Problem details. Out of the material that follows, write out exactly the lines from the line with "Volvo XC40 T4 Twin Recharge R-Design Auto" to the line with "VOLKSWAGEN T-Cross 1.0", both ends included, and no others.

Records for this task.
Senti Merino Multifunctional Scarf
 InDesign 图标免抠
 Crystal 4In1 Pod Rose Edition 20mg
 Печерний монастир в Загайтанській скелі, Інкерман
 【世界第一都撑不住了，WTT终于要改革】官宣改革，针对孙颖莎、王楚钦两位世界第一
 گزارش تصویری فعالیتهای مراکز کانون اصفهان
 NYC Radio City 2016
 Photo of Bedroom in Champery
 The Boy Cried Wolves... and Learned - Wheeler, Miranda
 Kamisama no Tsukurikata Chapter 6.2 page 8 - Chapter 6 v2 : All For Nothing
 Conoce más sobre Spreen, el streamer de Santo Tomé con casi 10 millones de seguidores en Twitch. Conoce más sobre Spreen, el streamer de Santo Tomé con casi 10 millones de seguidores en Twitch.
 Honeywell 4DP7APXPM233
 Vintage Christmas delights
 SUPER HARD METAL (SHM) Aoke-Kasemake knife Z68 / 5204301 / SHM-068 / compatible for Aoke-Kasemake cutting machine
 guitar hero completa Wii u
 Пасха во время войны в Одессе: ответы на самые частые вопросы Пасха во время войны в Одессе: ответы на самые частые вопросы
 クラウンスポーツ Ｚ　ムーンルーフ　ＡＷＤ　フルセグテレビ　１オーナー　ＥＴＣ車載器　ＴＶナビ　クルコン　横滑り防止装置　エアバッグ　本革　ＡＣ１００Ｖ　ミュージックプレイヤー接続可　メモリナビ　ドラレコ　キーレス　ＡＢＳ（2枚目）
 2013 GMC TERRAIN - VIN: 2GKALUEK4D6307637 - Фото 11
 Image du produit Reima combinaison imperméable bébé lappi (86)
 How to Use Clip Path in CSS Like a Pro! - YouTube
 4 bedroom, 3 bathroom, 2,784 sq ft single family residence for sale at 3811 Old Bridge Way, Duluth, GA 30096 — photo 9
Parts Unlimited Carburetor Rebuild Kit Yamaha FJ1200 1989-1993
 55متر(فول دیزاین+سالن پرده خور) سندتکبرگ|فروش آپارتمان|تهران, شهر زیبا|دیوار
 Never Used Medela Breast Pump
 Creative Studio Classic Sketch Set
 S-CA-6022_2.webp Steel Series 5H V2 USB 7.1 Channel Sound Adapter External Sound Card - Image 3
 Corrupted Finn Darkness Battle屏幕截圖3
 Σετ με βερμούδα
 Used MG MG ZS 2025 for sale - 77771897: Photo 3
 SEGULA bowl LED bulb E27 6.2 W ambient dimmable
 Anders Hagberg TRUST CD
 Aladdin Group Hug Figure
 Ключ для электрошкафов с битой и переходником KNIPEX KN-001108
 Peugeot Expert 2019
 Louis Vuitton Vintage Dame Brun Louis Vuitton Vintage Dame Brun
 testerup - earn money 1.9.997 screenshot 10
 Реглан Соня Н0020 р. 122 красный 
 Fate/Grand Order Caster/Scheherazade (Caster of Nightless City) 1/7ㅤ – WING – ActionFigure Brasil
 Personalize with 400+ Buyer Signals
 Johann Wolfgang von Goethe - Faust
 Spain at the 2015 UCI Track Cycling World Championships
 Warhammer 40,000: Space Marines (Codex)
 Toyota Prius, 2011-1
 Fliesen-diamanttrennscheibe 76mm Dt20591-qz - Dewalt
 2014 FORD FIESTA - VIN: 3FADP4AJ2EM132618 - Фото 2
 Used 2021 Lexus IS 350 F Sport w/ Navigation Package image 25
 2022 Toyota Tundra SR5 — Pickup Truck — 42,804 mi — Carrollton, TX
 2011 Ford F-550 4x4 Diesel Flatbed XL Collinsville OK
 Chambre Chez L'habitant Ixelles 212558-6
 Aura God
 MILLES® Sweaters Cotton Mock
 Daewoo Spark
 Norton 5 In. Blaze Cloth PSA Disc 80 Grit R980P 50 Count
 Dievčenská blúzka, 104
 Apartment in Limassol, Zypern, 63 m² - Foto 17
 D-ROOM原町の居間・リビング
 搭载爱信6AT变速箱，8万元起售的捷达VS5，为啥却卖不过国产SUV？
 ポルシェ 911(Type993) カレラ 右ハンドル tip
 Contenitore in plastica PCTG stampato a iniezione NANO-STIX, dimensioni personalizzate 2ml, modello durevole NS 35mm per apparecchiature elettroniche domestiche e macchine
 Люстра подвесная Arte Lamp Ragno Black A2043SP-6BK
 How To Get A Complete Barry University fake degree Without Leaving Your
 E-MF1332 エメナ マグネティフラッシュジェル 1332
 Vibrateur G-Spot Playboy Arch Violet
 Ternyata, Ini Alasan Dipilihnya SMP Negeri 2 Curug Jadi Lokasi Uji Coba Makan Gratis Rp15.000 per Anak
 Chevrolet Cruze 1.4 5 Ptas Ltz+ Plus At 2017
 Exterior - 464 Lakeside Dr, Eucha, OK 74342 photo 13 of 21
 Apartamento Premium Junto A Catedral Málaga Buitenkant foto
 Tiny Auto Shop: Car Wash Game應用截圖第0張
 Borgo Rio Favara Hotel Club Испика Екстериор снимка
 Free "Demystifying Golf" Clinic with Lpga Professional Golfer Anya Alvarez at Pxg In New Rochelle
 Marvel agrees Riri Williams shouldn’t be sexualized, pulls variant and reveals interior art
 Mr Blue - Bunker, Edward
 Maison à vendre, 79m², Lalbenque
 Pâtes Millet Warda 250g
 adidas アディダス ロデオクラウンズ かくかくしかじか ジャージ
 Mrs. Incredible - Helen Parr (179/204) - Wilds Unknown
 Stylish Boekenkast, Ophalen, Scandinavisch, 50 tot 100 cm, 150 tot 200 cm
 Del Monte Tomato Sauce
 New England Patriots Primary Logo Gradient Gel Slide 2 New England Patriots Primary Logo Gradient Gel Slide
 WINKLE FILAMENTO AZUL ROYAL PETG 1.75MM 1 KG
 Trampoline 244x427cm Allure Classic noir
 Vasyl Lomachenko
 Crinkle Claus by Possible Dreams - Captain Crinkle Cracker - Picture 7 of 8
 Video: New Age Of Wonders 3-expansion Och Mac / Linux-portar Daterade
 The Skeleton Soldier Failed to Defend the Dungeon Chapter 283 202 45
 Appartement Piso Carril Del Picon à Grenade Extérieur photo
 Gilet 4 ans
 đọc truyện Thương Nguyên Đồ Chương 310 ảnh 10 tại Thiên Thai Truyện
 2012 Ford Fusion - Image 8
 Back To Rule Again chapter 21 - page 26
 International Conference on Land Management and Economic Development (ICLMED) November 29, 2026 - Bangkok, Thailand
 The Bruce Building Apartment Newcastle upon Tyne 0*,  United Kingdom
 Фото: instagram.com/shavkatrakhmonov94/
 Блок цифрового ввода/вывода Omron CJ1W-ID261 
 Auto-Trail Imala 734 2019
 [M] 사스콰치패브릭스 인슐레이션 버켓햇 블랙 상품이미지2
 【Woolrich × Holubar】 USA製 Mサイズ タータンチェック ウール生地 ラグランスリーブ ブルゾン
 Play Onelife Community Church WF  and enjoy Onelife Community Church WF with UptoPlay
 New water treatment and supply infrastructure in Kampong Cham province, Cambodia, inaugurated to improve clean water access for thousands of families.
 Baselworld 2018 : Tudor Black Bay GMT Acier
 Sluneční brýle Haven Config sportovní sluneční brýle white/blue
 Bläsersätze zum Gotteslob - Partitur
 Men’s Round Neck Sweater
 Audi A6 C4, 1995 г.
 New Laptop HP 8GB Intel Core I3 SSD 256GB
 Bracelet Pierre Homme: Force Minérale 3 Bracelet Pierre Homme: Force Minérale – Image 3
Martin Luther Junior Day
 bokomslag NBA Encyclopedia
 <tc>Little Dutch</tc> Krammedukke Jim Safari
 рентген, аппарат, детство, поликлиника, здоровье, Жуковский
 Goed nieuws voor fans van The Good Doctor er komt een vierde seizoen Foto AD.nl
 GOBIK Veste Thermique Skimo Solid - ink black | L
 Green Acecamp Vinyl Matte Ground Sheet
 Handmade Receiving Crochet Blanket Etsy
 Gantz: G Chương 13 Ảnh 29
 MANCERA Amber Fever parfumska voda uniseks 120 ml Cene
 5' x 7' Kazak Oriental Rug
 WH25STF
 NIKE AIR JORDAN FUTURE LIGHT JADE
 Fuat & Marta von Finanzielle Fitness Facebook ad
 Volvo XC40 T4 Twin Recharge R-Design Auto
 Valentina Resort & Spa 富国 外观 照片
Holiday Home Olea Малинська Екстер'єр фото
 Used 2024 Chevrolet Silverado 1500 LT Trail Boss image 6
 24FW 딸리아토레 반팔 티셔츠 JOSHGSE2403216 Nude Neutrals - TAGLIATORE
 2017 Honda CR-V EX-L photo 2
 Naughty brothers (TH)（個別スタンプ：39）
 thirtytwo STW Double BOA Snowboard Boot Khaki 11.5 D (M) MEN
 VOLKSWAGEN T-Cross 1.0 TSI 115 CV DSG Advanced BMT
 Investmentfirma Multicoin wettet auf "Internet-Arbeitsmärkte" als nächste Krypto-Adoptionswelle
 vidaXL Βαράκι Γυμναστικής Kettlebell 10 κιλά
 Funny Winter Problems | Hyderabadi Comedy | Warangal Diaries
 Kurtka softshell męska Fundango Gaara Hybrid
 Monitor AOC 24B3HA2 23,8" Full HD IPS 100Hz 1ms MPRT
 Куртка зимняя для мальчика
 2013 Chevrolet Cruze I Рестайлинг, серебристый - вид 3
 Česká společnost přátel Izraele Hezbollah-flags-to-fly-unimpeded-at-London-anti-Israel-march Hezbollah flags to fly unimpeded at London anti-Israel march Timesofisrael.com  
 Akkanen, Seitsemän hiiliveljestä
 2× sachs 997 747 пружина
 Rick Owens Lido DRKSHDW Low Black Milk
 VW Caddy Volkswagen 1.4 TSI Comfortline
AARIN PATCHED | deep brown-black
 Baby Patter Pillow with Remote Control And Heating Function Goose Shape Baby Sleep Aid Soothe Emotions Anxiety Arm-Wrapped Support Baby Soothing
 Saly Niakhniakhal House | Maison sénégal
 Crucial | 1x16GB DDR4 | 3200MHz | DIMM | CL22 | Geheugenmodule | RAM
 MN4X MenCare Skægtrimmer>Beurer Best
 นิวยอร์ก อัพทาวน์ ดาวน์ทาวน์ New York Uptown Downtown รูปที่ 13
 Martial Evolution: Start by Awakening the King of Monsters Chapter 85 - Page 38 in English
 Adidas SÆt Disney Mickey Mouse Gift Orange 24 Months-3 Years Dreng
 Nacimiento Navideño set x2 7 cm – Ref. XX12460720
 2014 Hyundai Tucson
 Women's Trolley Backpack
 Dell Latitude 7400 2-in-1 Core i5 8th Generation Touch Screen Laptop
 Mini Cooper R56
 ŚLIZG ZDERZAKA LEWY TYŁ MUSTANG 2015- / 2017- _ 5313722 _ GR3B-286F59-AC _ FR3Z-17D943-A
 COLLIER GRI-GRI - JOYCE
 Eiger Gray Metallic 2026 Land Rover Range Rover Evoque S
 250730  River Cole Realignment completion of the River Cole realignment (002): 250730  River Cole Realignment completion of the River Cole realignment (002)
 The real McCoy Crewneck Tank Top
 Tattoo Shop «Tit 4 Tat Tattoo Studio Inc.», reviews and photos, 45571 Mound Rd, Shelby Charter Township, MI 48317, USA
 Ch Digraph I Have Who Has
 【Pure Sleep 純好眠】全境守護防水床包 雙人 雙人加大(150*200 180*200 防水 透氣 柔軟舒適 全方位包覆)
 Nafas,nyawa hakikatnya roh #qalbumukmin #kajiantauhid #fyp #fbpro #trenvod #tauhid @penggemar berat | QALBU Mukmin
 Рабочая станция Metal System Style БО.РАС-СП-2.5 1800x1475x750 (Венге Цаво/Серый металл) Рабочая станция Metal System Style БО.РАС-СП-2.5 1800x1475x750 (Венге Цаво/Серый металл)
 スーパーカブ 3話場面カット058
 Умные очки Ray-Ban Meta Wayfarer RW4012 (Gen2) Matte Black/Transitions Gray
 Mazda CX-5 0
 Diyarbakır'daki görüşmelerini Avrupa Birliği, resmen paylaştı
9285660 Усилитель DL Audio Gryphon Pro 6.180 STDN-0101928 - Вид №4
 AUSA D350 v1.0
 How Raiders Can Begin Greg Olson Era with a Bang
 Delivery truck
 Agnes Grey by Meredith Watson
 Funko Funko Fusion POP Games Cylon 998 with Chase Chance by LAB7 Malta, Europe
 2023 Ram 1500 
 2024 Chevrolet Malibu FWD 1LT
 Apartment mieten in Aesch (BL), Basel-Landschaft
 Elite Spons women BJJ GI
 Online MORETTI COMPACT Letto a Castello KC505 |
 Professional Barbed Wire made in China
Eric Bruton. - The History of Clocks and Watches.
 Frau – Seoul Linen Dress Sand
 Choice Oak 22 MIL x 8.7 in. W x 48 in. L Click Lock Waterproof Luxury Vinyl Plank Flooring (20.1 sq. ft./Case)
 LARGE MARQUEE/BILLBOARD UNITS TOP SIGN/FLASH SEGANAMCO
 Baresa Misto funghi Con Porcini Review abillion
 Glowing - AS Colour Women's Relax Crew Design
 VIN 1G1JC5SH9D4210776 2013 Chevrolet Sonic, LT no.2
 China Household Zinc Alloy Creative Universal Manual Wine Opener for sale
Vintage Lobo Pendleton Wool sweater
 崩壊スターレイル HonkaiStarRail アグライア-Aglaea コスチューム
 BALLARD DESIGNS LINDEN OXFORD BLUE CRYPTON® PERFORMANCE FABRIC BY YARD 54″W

Output for this task.
 Volvo XC40 T4 Twin Recharge R-Design Auto
 Valentina Resort & Spa 富国 外观 照片
Holiday Home Olea Малинська Екстер'єр фото
 Used 2024 Chevrolet Silverado 1500 LT Trail Boss image 6
 24FW 딸리아토레 반팔 티셔츠 JOSHGSE2403216 Nude Neutrals - TAGLIATORE
 2017 Honda CR-V EX-L photo 2
 Naughty brothers (TH)（個別スタンプ：39）
 thirtytwo STW Double BOA Snowboard Boot Khaki 11.5 D (M) MEN
 VOLKSWAGEN T-Cross 1.0 TSI 115 CV DSG Advanced BMT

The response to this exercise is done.